And what if one doesn't want any government? And what if one sees that government... any government... as simply one group of people holding a gun to the head of other group(s) of people. Your suggestion of "voting" does just that. All voting does is "swap" those groups around at various times and stages. Government "executes" it's policies, laws, orders, etc., (domestically and abroad) through force and threat of force. "Legal" and "Illegal" will always have different meaning and effect at different times and circumstance. The government has complete "control" of what might be "legal" or "illegal" whenever or wherever. Morality never figures into the question of what the government - any government - determines to be "legal" or "illegal."

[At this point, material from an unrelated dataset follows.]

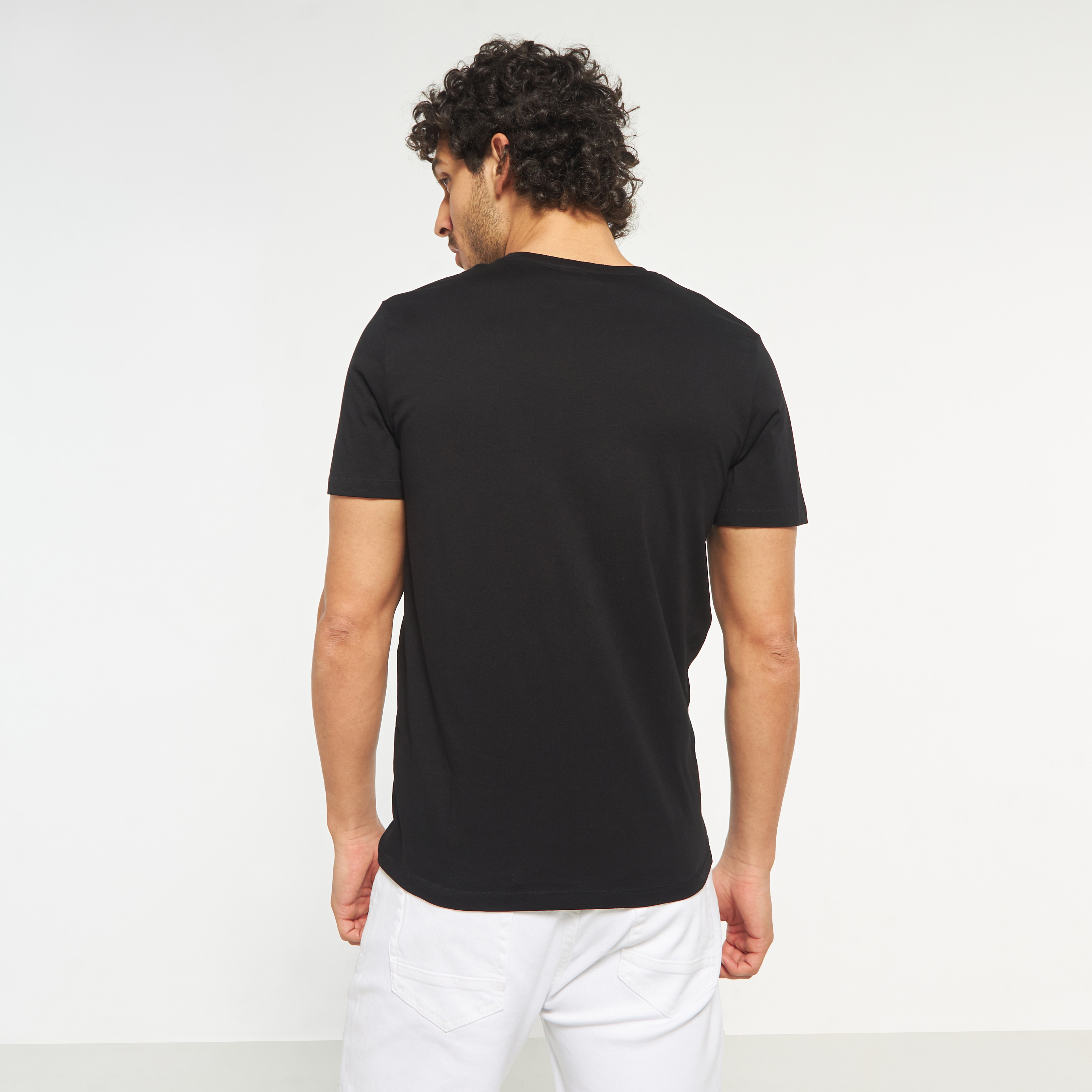 تي شيرت من جاك آند جونز مطبوع بأكمام قصيرة و ياقة مستديرة-men-clothing-tshirtsandpolos-tshirts-image-3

Then they accuse you of being an anarchist, implying someone who does not wish to be involuntarily governed is somehow less ethical and more violent prone than the State.
Always makes me think of this:
In 1842, this ninety-one-year-old veteran was interviewed by a twenty-one-year-old reporter. The young reporter apparently expected to hear stories of unjust taxes and oppression, and of revolutionaries schooled in theories of liberty. What he got was far different, and more to the point:
Reporter: “Captain Preston, did you take up arms against intolerable oppressions?”
Preston: “Oppression? I didn’t feel them.”
R: “What, were you not oppressed by the Stamp Act?”
P: “I never saw one of those stamps. I certainly never paid a penny for one of them.”
R: “Well, what then about the tea tax?”
P: “I never drank a drop of the stuff; the boys threw it all overboard.”
R: “Then I suppose you had been reading Harrington or Sidney or Locke about the eternal principles of liberty?”
P: “Never heard of ‘em. We read only the Bible, the Catechism, Watts’ Psalms, and the Almanac.”
R: “Well, then, what was the matter? And what did you mean in going to this fight?”
P: “Young man, what we meant in going for those redcoats was this: We always had governed ourselves, and we always meant to. They didn’t mean we should.”